Best course at Duke: Dinner 170

With May looming around the corner, more and more people keep asking me, “How does it feel to be almost done?” I still have no answer, but now I realize that there are many things to pick up along the seemingly long road to graduation that I wish I had known about when I first set foot on East Campus during orientation week freshman year. There are many valuable things I learned from my courses, but I learned the most important lessons at Duke outside of class. This is not for lack of going to lecture and taking notes and studying hard, but rather because some lessons must happen outside of the classroom. Most of the important things I have learned have come from spontaneous hangouts on the plaza, elongated study breaks in Bella Union, drawn-out “quick” snack visits from friends to my dorm room and, most of all, laughter-filled conversations at the dinner table.
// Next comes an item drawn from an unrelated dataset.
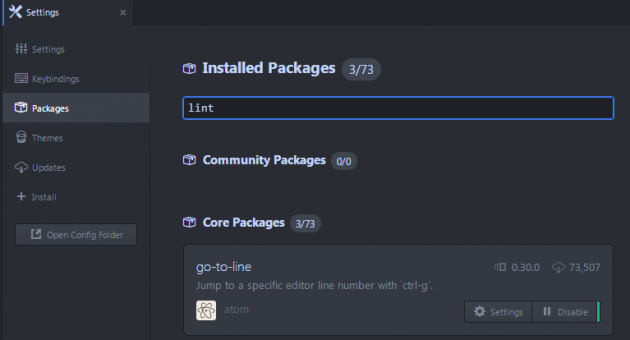 Sök och installera paket för att utöka editorns funktioner.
For most of my sophomore and junior years, I would either order in the majority of my dinners or get them to-go, convinced that I did not have enough time to spare a 30-minute break with other people to catch up on the day. I would go back to my room, confident that my productivity would be higher there. “Studying,” however, usually just meant watching an episode of a television show. It was not until a track injury put me on crutches and ordering in became a necessity that I began to question eating alone. I asked myself, “What is the point of ‘knowing’ people on this campus if I have no idea what is going on in their lives?” I now know I was not too busy for a meal with someone, but I was foolish enough to believe I would not waste 30 minutes on my own. Think about your activities over the course of a regular weeknight. How much time do you waste on Facebook, Twitter, memes or reddit.com? It could certainly add up to at least those 30 minutes. Why not spend it with real people instead?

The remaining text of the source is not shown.